Laboratory-scale microseismic data analysis
Microseismic monitoring involves recording ground movement at seismic stations (surface or downhole) to determine the locations of microseismic events and their mechanisms at the source. For geological carbon storage, petroleum production, enhanced geothermal energy, mining, etc., this method may be used to detect faulting and fracturing resulting not only from pressure changes and fluid flow in the reservoir, but also stress field change/rotation in the overburden. In the laboratory, the same microseismic monitoring technique (called acoustic emission monitoring, AE) may be used to detect and characterize microcracking and failure of rock samples as they deform, using acoustic sensors in direct contact with the rock (recently, using fibre optic sensor as well).
Recently, we have acquired a large amount of AE datasets through a recent CLIMIT project. Tested cores include both analogue and reservoir and cap rocks from the North Sea. The available datasets are not only extensive but also quite unique in their focus on CO2 storage potential in the North Sea (e.g. Longship and Aurora). NGI is still working with these datasets and we would like to recruit one or two MSc students who can work on them together with us.

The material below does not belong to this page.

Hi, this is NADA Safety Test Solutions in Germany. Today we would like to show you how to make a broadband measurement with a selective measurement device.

Laboratory AE data comprises of thousands of seismic waveforms measured in voltage across multiple acoustic sensors (typically 10-20). Processing of these high-volume data involves picking wave arrival times and their amplitudes—to locate events and determine their source mechanisms—and is often done manually for best results. This approach may time consuming and subject to user bias.

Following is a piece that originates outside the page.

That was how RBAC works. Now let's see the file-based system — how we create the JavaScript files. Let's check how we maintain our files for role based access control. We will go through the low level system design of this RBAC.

Currently, we plan for two internship topics: (1) using statistical methods, quantify the influence of user- bias and data-noise on the interpretation of results; and (2) automate the data processing methods using intelligent (i.e. machine learning) techniques to best reproduce the manual analysis. We will work on both of triggered-based and continuous recording-based. The latter is related to aseismic or slow events, while the former is related to more pronounced seismic events. Both of the two types of even are relevant for CO2 storage monitoring.
The dataset for this study was produced during laboratory tests on North Sea materials relevant to CO2 storage. Testing was performed at NGI and CSIRO, Perth, Australia during NGI-led project IGCCS (NFR CLIMIT project: Induced-seismicity geomechanics for controlled CO2 storage in the North Sea). Dr Joel Sarout at CSIRO will also be advised together with Dr Luke Griffiths and Dr Joonsang Park at NGI. In addition to the two topics mentioned above, we may consider and define new topics in line with the candidate’s interests.
More details of the study and time frame can be discussed with UiO and the student(s). The period of work is early 2021 to mid-2022 or can be discussed and adjusted. This study requires some understanding of seismic wave propagation and good programming skills with, for example, MATLAB, Python.